Long Beard Brewing Company founders Craig Waltz, left and Paul Karlin, with builder Bob Castaldi outside Riverhead Town Hall July 6, after meeting with the town's Industrial Development Agency board. Photo: Denise Civiletti

The owner of the Second Street firehouse and his first tenants made a pitch to the Riverhead Industrial Development Agency yesterday for property tax abatements and sales tax exemptions.

Bob Castaldi, who purchased the former firehouse from the town earlier this year, and Long Beard Brewing Company founders Paul Carlin and Craig Waltz, laid out plans for the two-story brick structure, where Long Beard plans to open a brewery and 900-square-foot tasting room early next year.

The brewery, Riverhead’s fourth, will occupy about 4,000 square feet on the first floor of the old firehouse, which is about to undergo a complete “historically correct” restoration, Castaldi told IDA board members during yesterday’s meeting.
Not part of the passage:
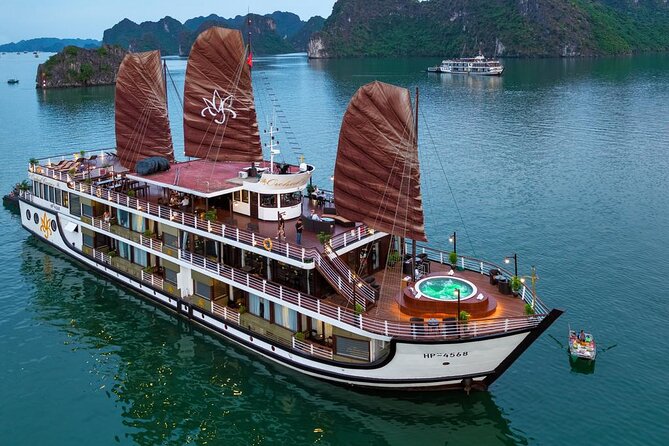 halong bay 2 days 1 night with orchid cruises 5 star Halong Bay 2 Days/1 Night With Orchid Cruises 5 Star
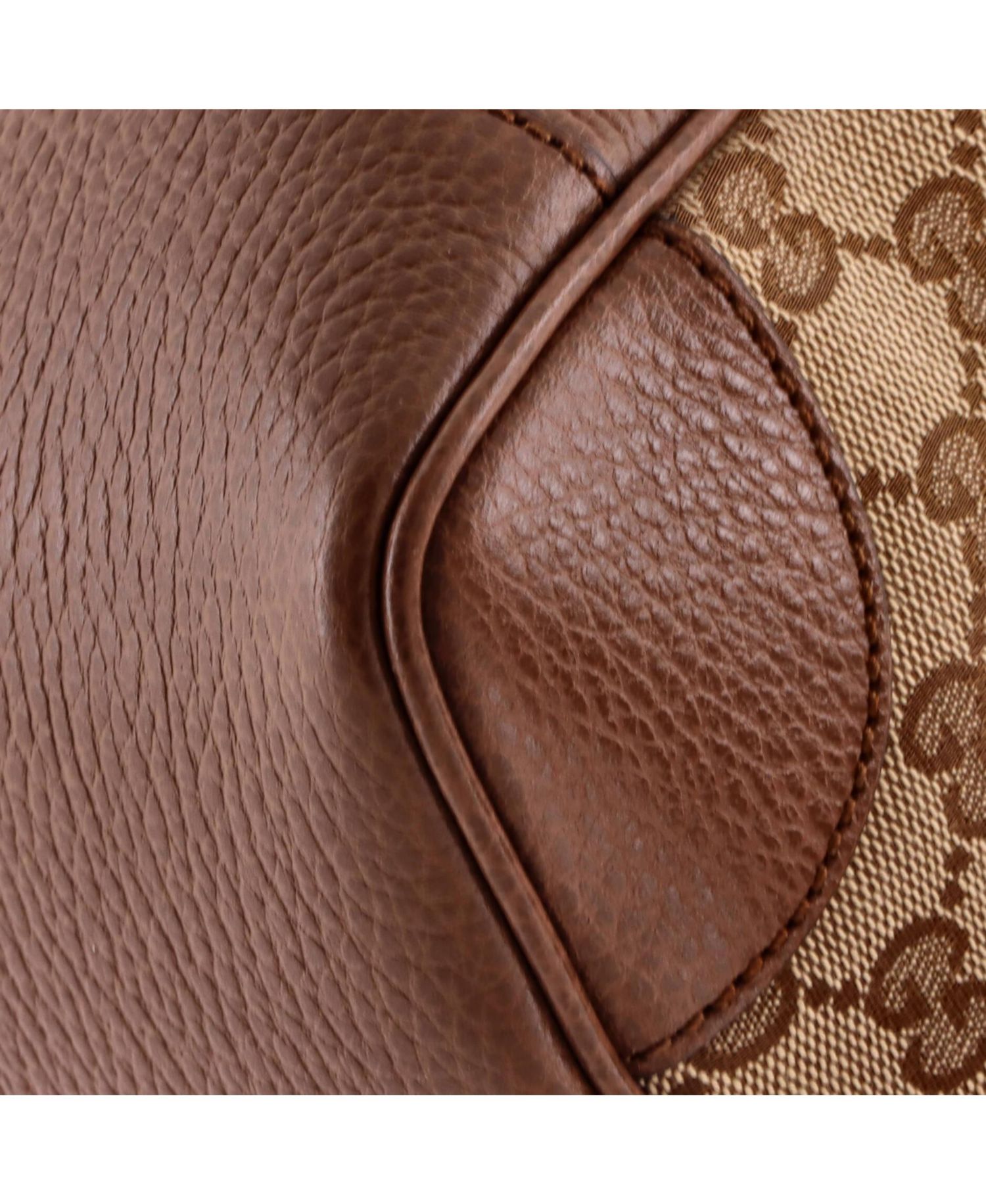 Small Bree Convertible Tote GG Canvas with Leather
Castaldi, who renovated, restored and reopened the long-vacant Suffolk Theater on East Main Street, said he is working with other prospective tenants for the remainder of the space. He said he’s been speaking with the Long Island Wine Council and the Long Island Farm Bureau about how the unique space could be utilized as an agricultural tourism center, he said. Riverhead Town last year obtained two N.Y. state economic development grants totaling $700,000 that could be used to fund 20-percent of renovation costs associated with developing such a center.
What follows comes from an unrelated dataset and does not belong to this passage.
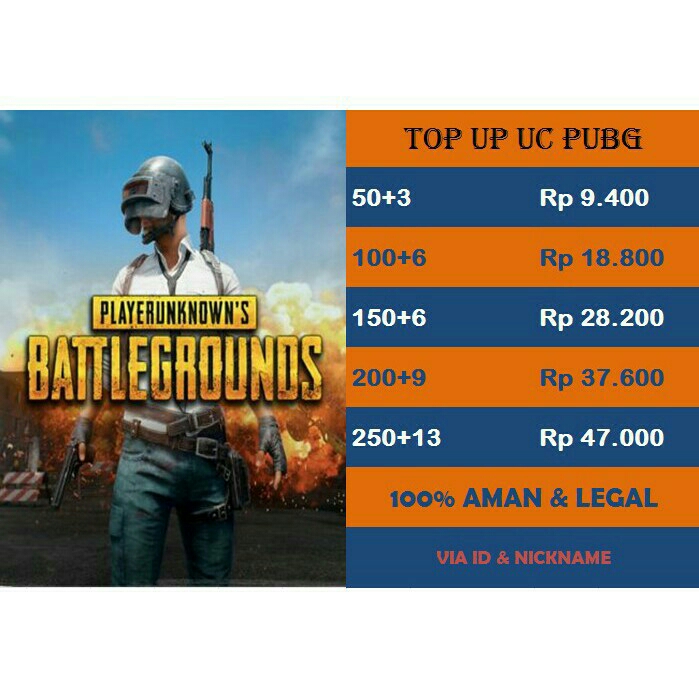 TOP UP MINI UC PUBG LEGAL TERMURAH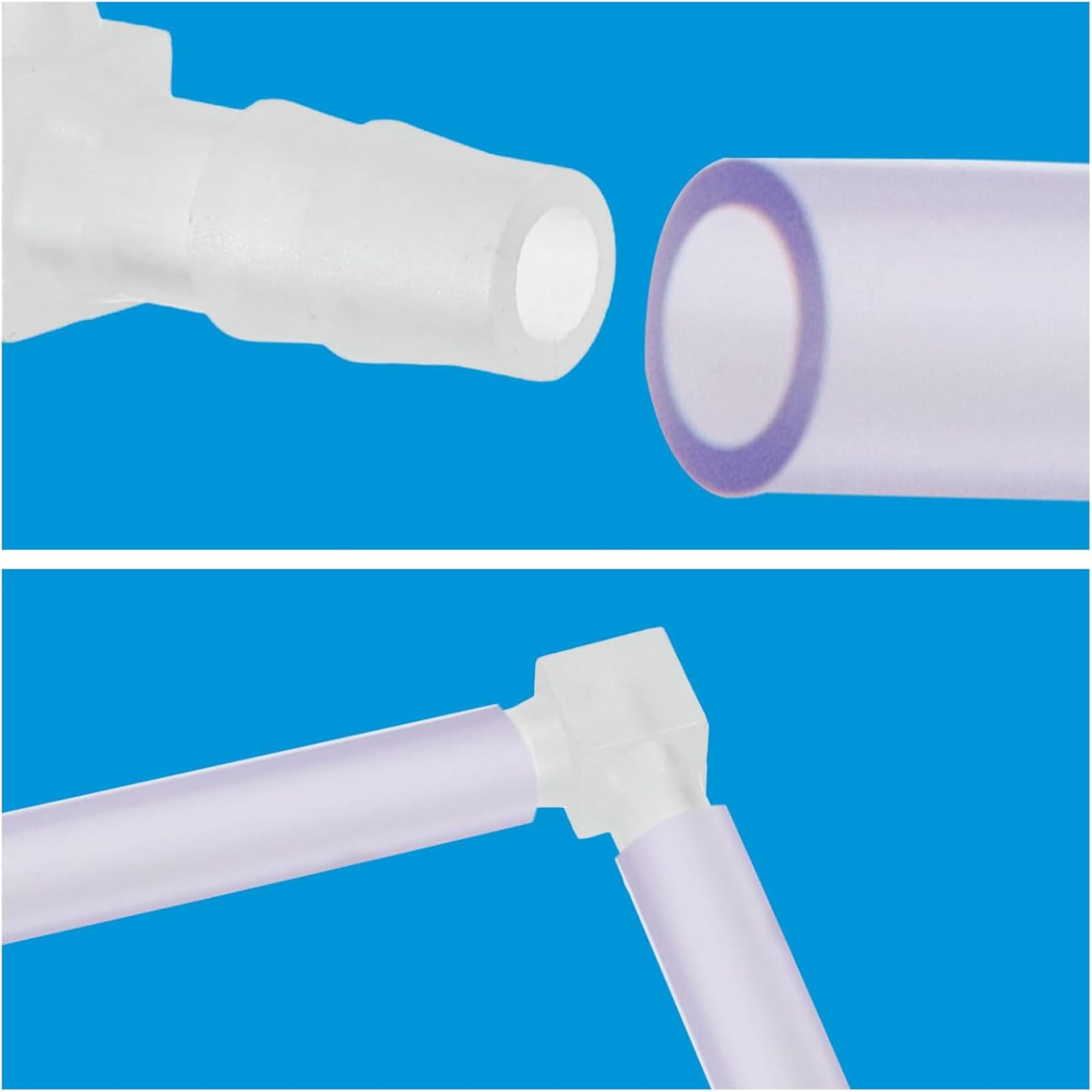 TICFOX 10x L-Schlauchnippel 90° Winkel – Kunststoff-Ellbogen, 8 Mm, Lebensmittelecht, Für Aquarium, Pumpe & Co.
The Cutchogue builder told the IDA the brewery will bring a lot of visitors to the blocks north of East Main Street, where the mixed housing stock includes both stately old homes — some dating back to the 1800s — and run-down rental housing in obvious need of repair. Some of the blocks around Second Street have in recent years been the scene of gang crimes, muggings, drug busts and even a drive-by shooting.
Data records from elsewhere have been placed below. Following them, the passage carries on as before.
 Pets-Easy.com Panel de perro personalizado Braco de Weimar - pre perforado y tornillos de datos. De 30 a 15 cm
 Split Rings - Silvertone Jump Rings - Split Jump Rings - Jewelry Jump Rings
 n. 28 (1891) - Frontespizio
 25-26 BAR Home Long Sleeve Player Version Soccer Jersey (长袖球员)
“This project will light up that whole area,” Castaldi said. “We’re right on the edge of the best neighborhood in the whole world,” he said. The firehouse, he said, will bring in tourism, jobs and investment to turn around an area that needs it badly.

“It’s exciting to be coming here at the beginning of something like that,” Long Beard partner Carlin said of the revitalization effort.

“We’re a fledgling business, just starting out. Any help you can give us will make this work,” he said. Carlin and Waltz  started their brewing company in 2012. The Second Street location would be the first brewing facility they build and own themselves. They have investors who are helping them finance the cost of renovation and equipment, Carlin said.

Builder Bob Castaldi has already begun exterior renovations on the circa-1935 brick firehouse on Second Street, including refurbishing the cupola on its roof. Photo: Denise Civiletti
The circa-1935 brick firehouse on Second Street now sports a newly refurbished cupola on its roof, the first part of exterior renovations completed by builder Bob Castaldi, who bought the building from the town earlier this year. Photo: Denise Civiletti

The tenants would directly benefit from property tax abatements, Castaldi said. Under the “net-net” terms of standard commercial leases, tenants pay a pro-rated share of property taxes and other costs, he said. Exemption from New York State sales tax would assist the brewing company in its purchase of equipment for the facility, including brewing tanks and fermenters that will cost $150,000 to $200,000, Carlin said.

The firehouse site, which was acquired by the Riverhead Fire District in the mid-1930s, has been tax-exempt since that time, Castaldi noted. If the IDA grants its standard benefits package, improvements to the site which increase its current assessed valuation would receive a 50-percent property tax abatement. The abatement is reduced by 5 percent per year for 10 years.

The IDA board voted yesterday to schedule an Aug. 3 public hearing on the application, which as of yesterday was not fully completed, IDA executive director Tracy Stark-James said. She said there was still some information needed from the builder, but it would be finished up in time for moving forward with a public hearing.

Editor’s note: This article has been amended to correct the spelling of brewery cofounder Paul Carlin’s surname.